Content starts

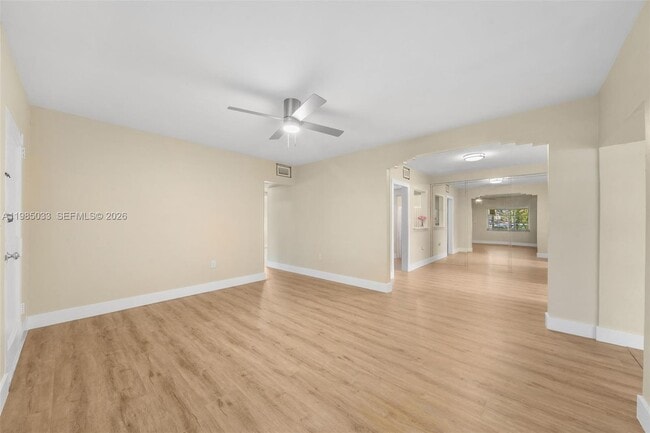 Building Photo - 1840 SW 63rd Ave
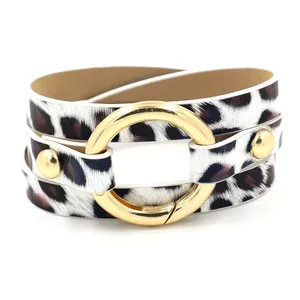 Dreilagiges PU-Lederwickelarmband mit Leopardenmuster und großer goldener Ringschnalle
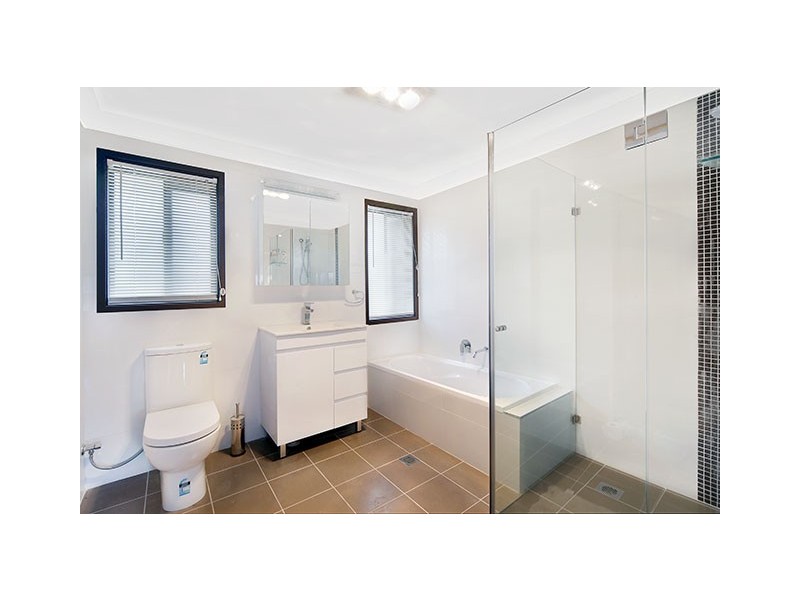 9 Bonnet Avenue, Como NSW 2226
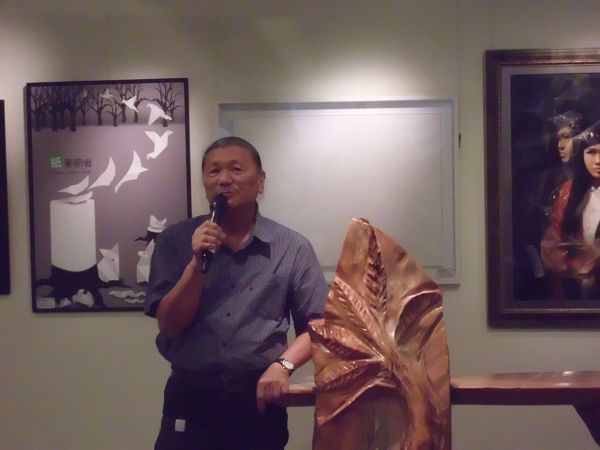 特優勝作品巡迴展於國立臺東生活美學館開幕,藝術家梁奕焚出席致詞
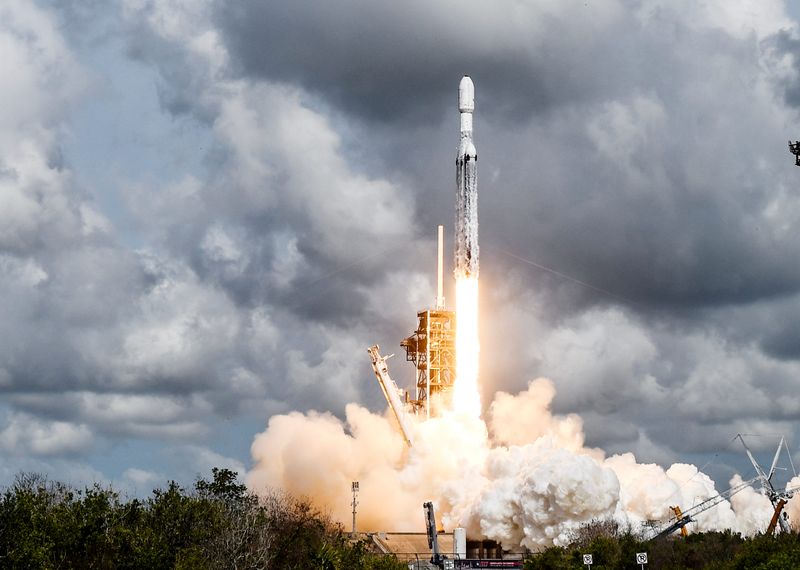 A SpaceX Falcon Heavy rocket lifts off from Kennedy Space Center, FL, April 29, 2026. The rocket is carrying the ViaSat-3 F3 satellite. Craig Bailey, FLORIDA TODAY via USA TODAY NETWORK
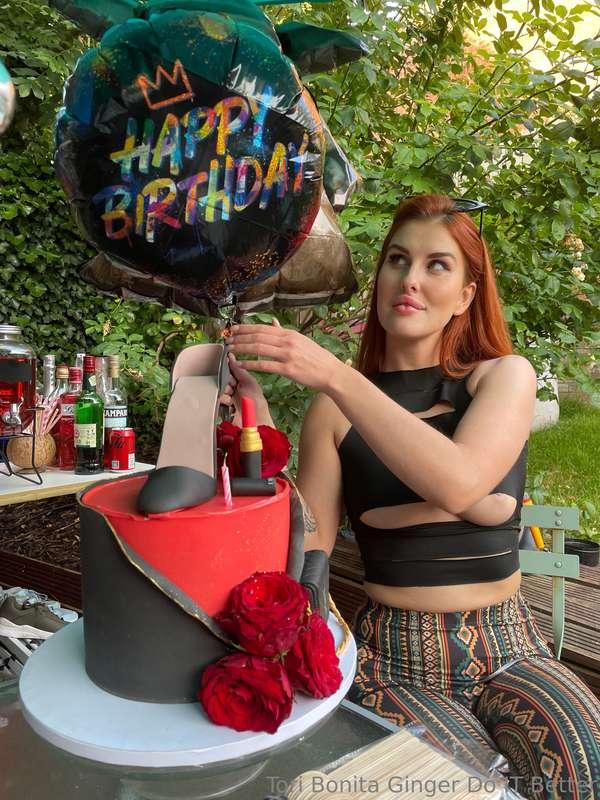 Do you like your Bday Naughty Girl 😈🥵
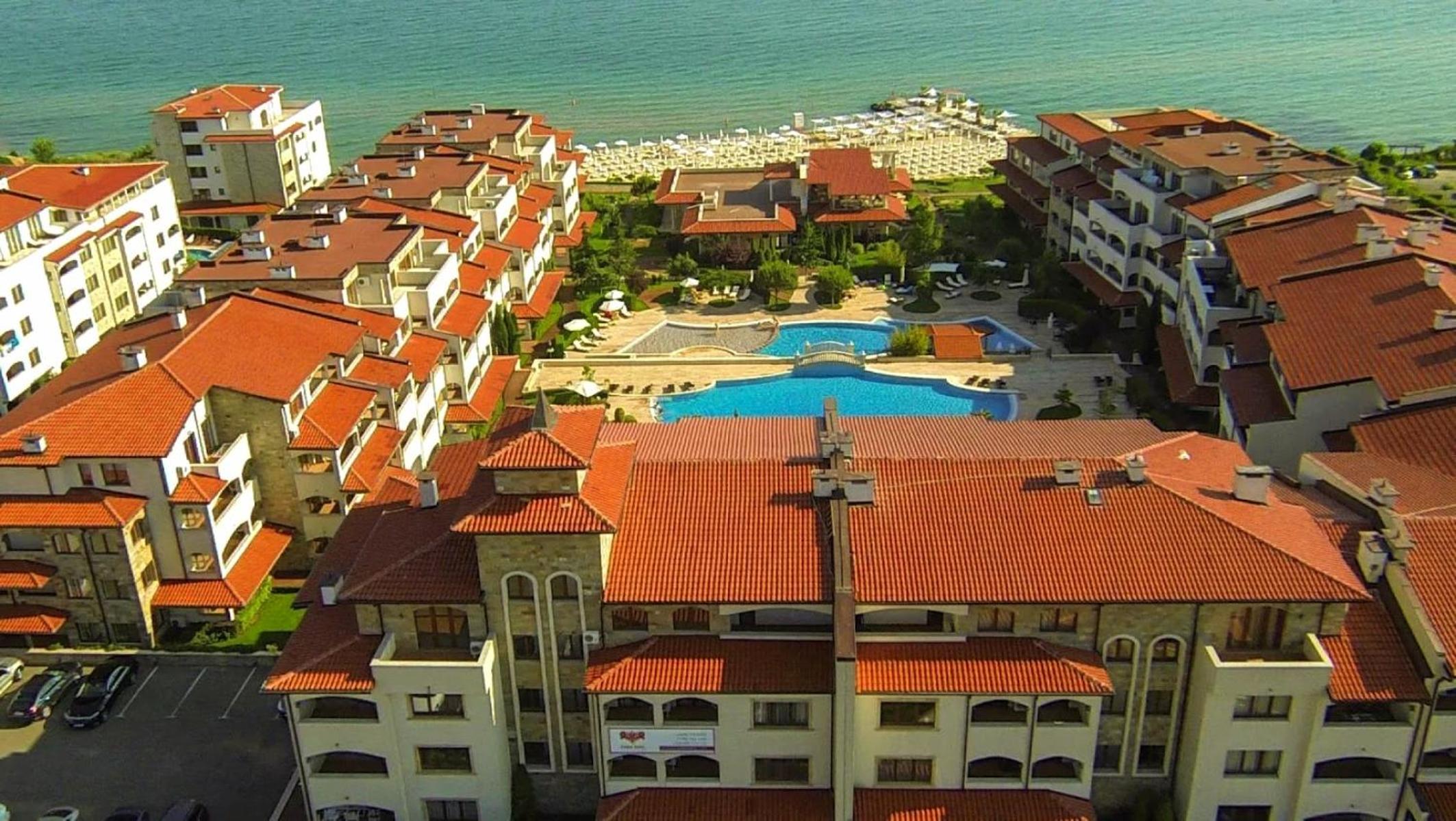 5-Star Beachfront Luxury Apartments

Content ends

Repeat the records above exactly. Pictures do not belong in the copy.

 Building Photo - 1840 SW 63rd Ave
 Dreilagiges PU-Lederwickelarmband mit Leopardenmuster und großer goldener Ringschnalle
 9 Bonnet Avenue, Como NSW 2226
 特優勝作品巡迴展於國立臺東生活美學館開幕,藝術家梁奕焚出席致詞
 A SpaceX Falcon Heavy rocket lifts off from Kennedy Space Center, FL, April 29, 2026. The rocket is carrying the ViaSat-3 F3 satellite. Craig Bailey, FLORIDA TODAY via USA TODAY NETWORK
 Do you like your Bday Naughty Girl 😈🥵
 5-Star Beachfront Luxury Apartments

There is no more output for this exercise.